And so [Johnson] set this trap for Dr. King by kind of nudging him into "There's a way of getting around this, untill we have some time," and then the moment it happened, citing him for contempt so he'd be forced to go public with the very information that would cause this great split between the movements.

Bruce: Sort of a liberal CoIntelPro.

Don: That's right. That's right. Very well said.

[Email addition from Steven McNichols, August 19, 2007]

As Civil Rights Director for the National Student Association, I accompanied a contingent of staffers from the Commission on Religion and Race of the National Council of Churches to Selma immediately after Bloody Sunday. We spent the night at a motel in Atlanta before flying to Montgomery and driving to Selma the next day. Part of this group was a Wall Street lawyer who served as legal counsel to the NCC contingent. To our astonishment, he explained that NAACP Legal Defense Fund, Inc. attorney Jack Greenberg had already filed a petition in federal court for an injunction authorizing Dr. King and others to march across the Edmund Pettus Bridge and that Judge Frank Johnson had restrained all such marches until a hearing could be conducted. (Johnson was known for taking such a deliberate approach.) The attorney observed sadly that he would have filed the petition just before marching onto the bridge instead of the day before so Johnson wouldn't have had time to restrain the march. His analysis depressed everyone in the room.

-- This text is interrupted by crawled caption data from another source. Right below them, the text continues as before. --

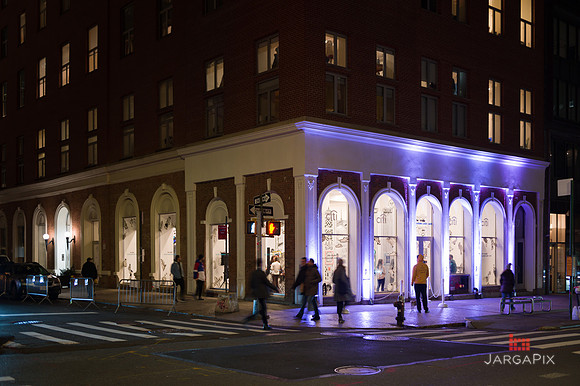 Soho_Citi_David_Huang_Exhibit-003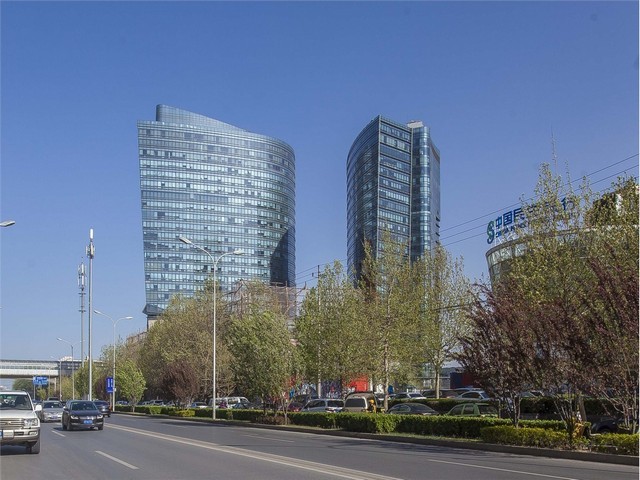 浙江不锈钢防爆接线箱哪家好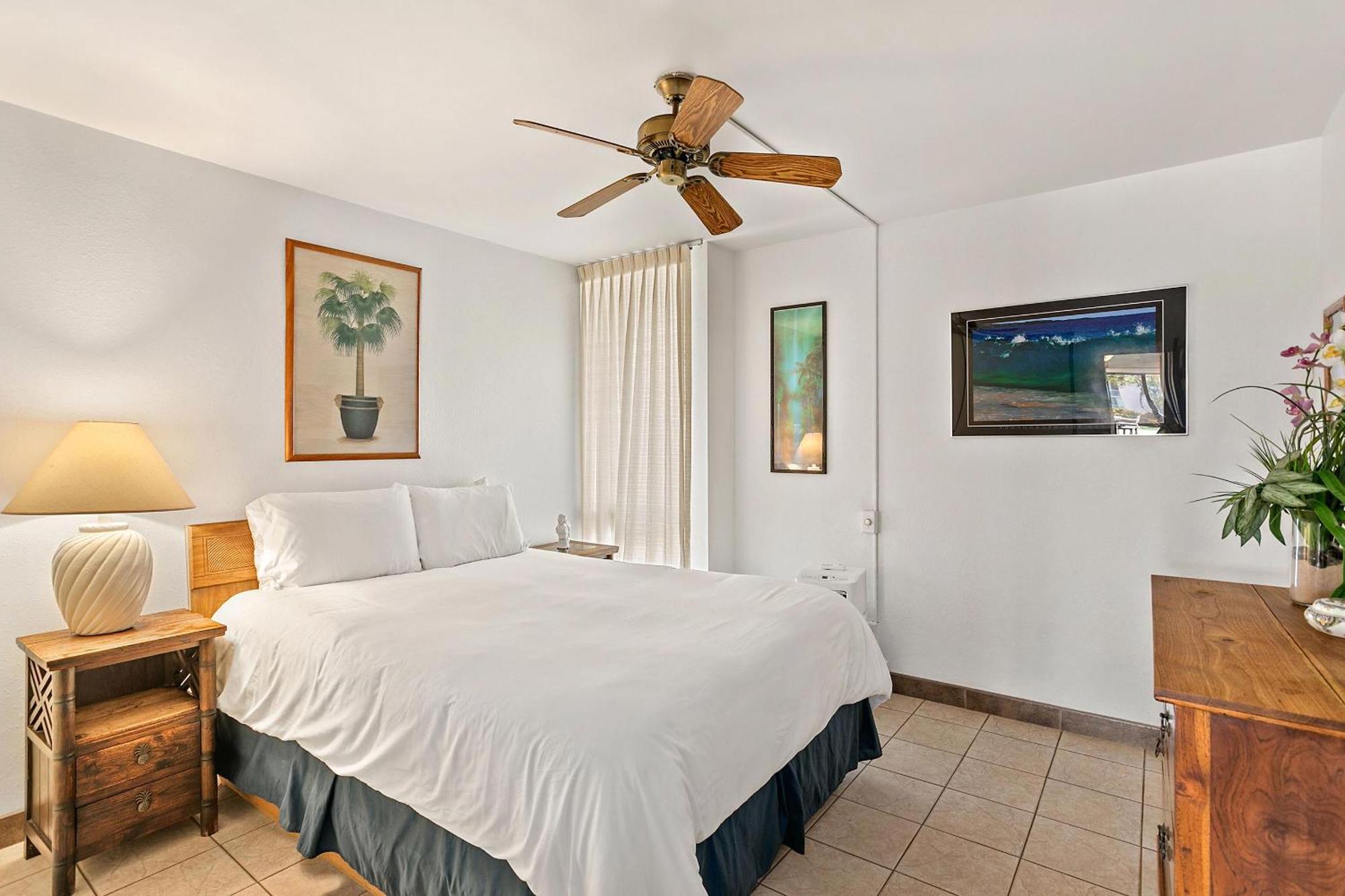 Maui Vista 3-102 - Near Great Snorkeling Beach คิเฮอิ ภายนอก รูปภาพ
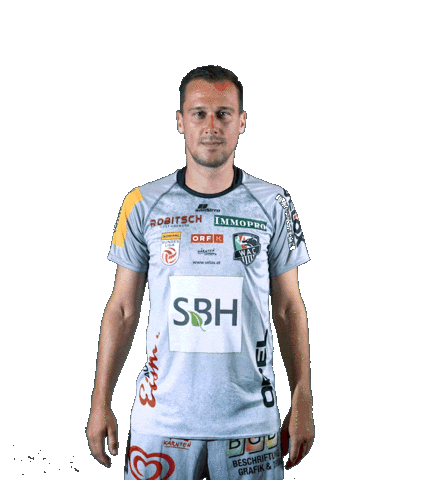 Wac Sticker by Wolfsberger AC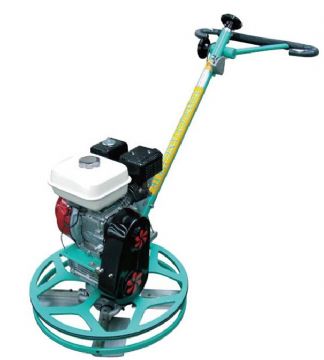 點擊查看詳細(xì)信息<br>標(biāo)題： DMR600型地面抹光機(jī) 閱讀次數(shù)：1843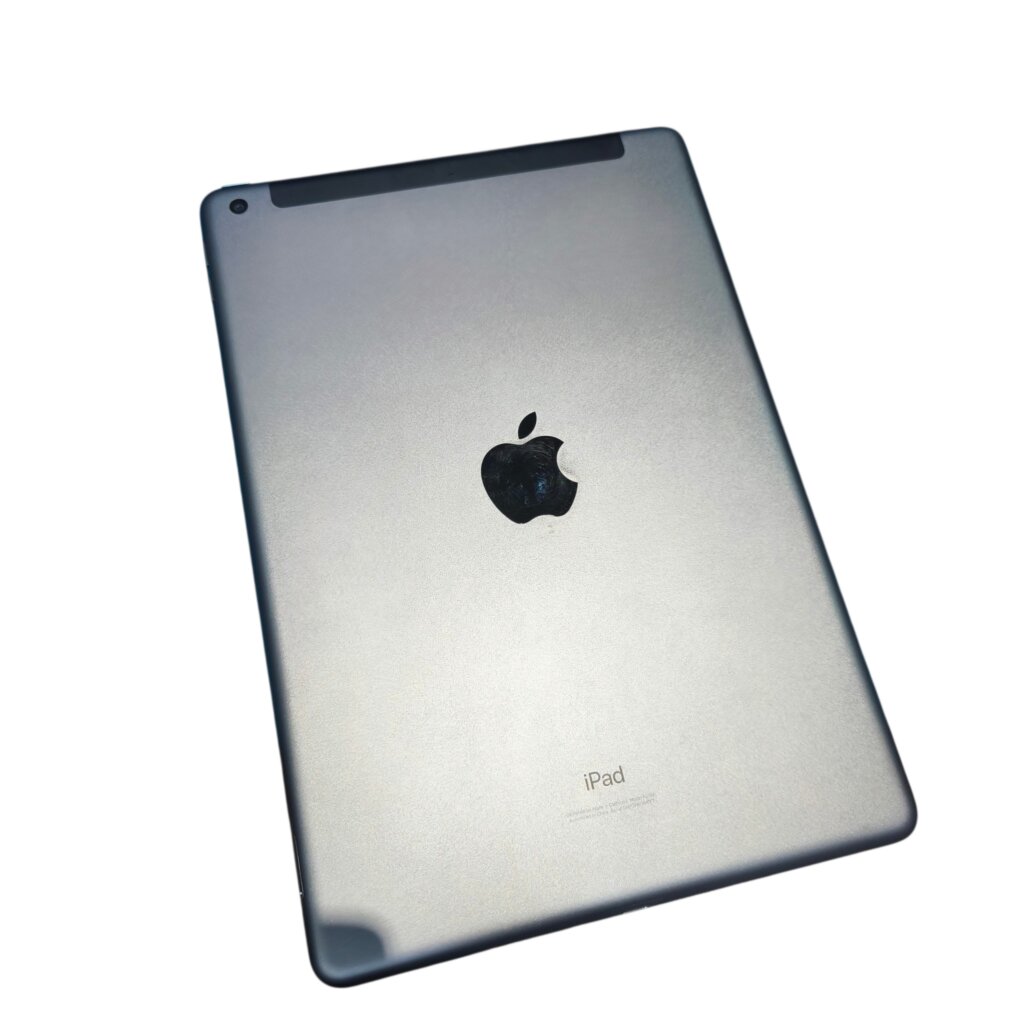iPad 第7世代（A2198） バッテリー交換修理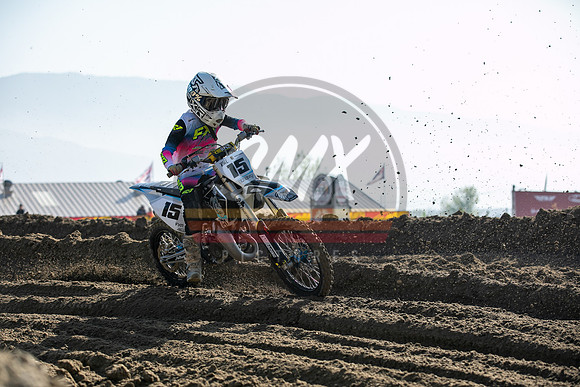 SMXPICTURES_2023_California_Classic_4-15-23-65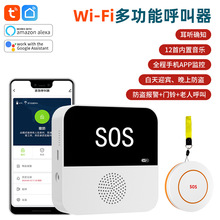 �T�f���˺�����sos�o�����oС����Ⱦ���������APP�h�̱O�y����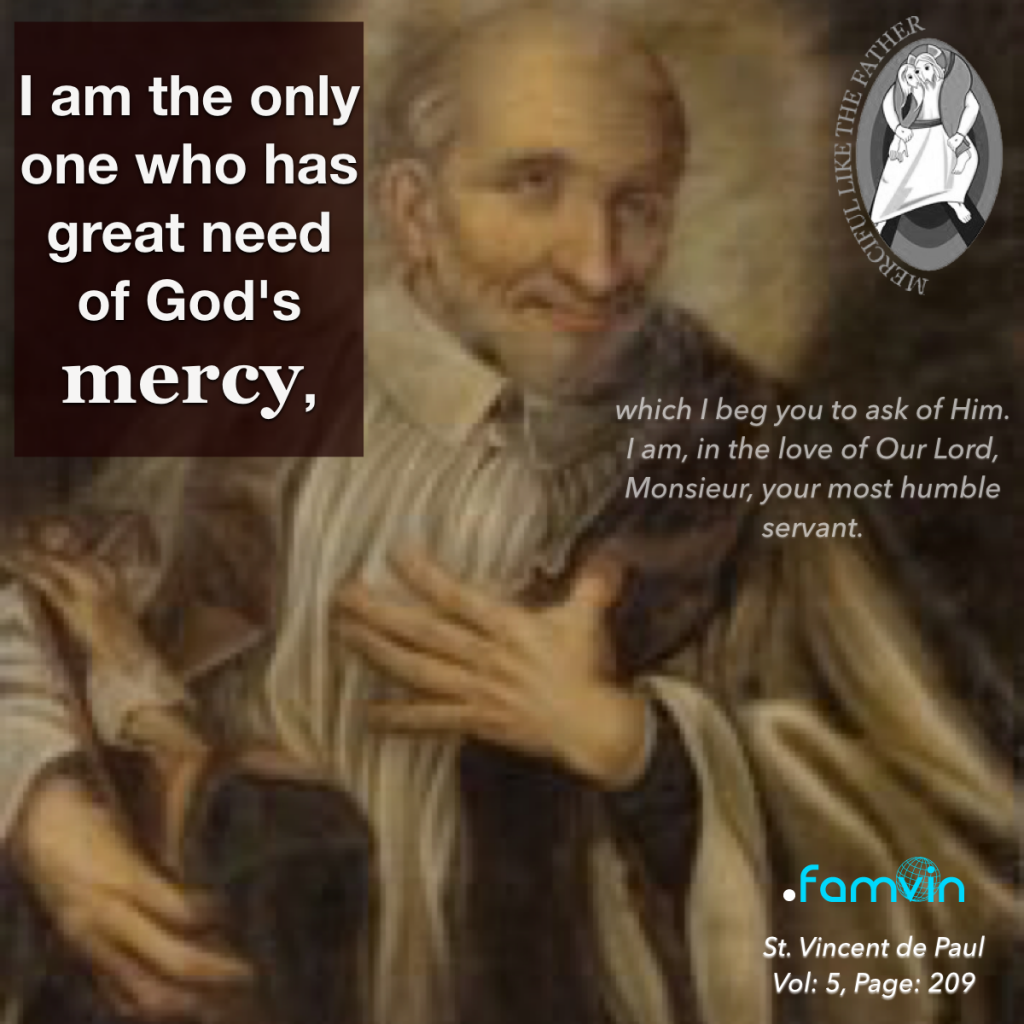 vincent louise quotes on mercy.024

The next day, in Selma, I waited outside Brown Chapel with hundreds of other volunteers for a decision on whether we would march. Suddenly, Dr. King appeared accompanied by Bob Spike, Director of the Commission on Religion and Race, Jim Farmer, and a few other heavyweights. They had just finished meeting in a private home to decide what to do. Spike told me that King had been under tremendous pressure from the White House to postpone the march, but refused. I happened to be standing right behind King when LeRoy Collins, former Florida governor and head of the Community Reconciliation Service, elbowed his way through the crowd and handed King a piece of paper with a map drawn on it. "If you follow this," Collins said. "I think you'll be all right."

SCLC put all of the celebrities present — mostly high ranking church officials — in front and we marched through the posse and onto the bridge where a phalanx of Alabama Highway Patrol cars and uniformed officers greeted us. An AHP official announced that we were violating Judge Johnson's order and told us to leave, but he granted us a few minutes to conduct a prayer service, so we all knelt while King prayed aloud. One AHP officer pointed his billy club at a church official and said, "That one's mine." Then, to our complete surprise, King turned us around and led us back to Brown Chapel. I walked off the bridge — in a state of shock and disappointment like many others — with Jim Forman, Maria Varela, and Casey Hayden who were wryly amused and disappointed, but not really surprised. SCLC staff quickly started spinning this retreat at Brown Chapel because so many marchers — including those who had never demonstrated before — were upset. (I would say that about half of those present returned home the next day.) We ate dinner at a local Holiday Inn side-by-side with a large number of AHP officers who were also eating there — a surreal experience if ever there was one. Jim Farmer said, "I would have marched" while discussing that day's events.

I don't believe there was any kind of understanding between King and the White House. King was between a rock and a hard place. He couldn't kill the march before it even started because of the tremendous pressure that SNCC and those present were focusing on him. (And the whole world was watching them.) But he didn't want to violate Judge Johnson's restraining order especially since Johnson was perhaps the most progressive federal judge in the south. I suspect that King finally resolved this conflict — and his own ambivilance — by turning the march around at the last possible moment when we were all on the bridge. His great failure in this regard was not making a decision earlier and announcing it at Brown Chapel before we left. Any back-channel communication and agreement may have been conducted by Attorney General Katzenbach and Jack Greenberg, which would explain why Greenberg filed his petition so early. But not between King and the White House.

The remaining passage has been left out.